They say that if you want to get to know a place you have to see it with your eyes but also taste it with your palate. Every village in Bulgaria, every town has its own flavour and aroma. One of the ways to get to know them are the gastro routes which have been gaining in popularity. Tourists visit with local people where, in a casual setting, they show them how to make dishes typical of that part of the country. But there are other, additional things to experience as well:
“Often this includes wearing traditional clothing and taking pictures, or presenting the local dialect which is fascinating. The locals try to teach their guests a few words. Or, a third option is a visit to some natural landmark in the respective area, or horse riding, a visit to an animal farm where the guests can feed the animals or… talk to them. But the most important element is the cookery demonstration – cooking something delicious and eating it with the guests,” says Gergana Kabaivanova, manager of pendara.bg, a Bulgarian online gastro and rural tourism platform.
The platform presents dozens of addresses across Bulgaria where the local people welcome guests into their homes to acquaint them with the subtleties of the local cuisine – authentic Bulgarian dishes, part of the cultural heritage of a given part of the country.
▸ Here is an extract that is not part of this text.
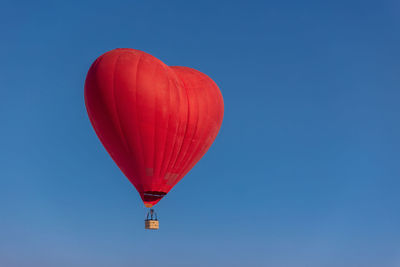 Low angle view of hot air balloons against clear blue sky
As it turns out, traditional Bulgarian cuisine is very different from what we can order in modern restaurants which offer a lot of meat, mostly barbeque.
“There isn’t a lot of meat in traditional Bulgarian cuisine because just like banitsa, meat was only cooked on special occasions – family or religious,” says Gergana Kabaivanova. “Pastry is much more part of the Bulgarian tradition – banitsa, mekitsa, different kinds of bread, the all but forgotten trahana, noodles… The dough is moulded in different ways so it can be preserved, dried or so it can ferment and be used some time in the future.”
Our ancestors ate mostly lamb, mutton and goatmeat. Pork became a staple much later – a little over a century ago because pig breeding wasn’t all that widespread. However, the tradition of preserving meat products has come down to us in our day – dried, fermented, salted, in wooden barrels etc.,” explains Gergana Kabaivanova. Otherwise what is typical of Bulgarian cuisine are large pieces of meat cooked with vegetables, or just onions – something that has been handed down from generation to generation.
In our day much of the wealth of authentic recipes has been preserved by the older women in villages. However, the interest in gastro tours offers a chance of preserving and passing on this treasure trove of traditional food and recipes.
“We have mostly young people – 20-40 year olds - travelling with us, at the moment we are working mostly with Bulgarian guests. They want to try out different flavours, and are not worried at all by the smell of animals, or if the woman of the house comes out to meet them wearing a dressing gown. And I am glad because that is a sign that this culture of promoting rural tourism, of appreciation of Bulgarian gastronomy has a potential among young people,” says Gergana Kabaivanova.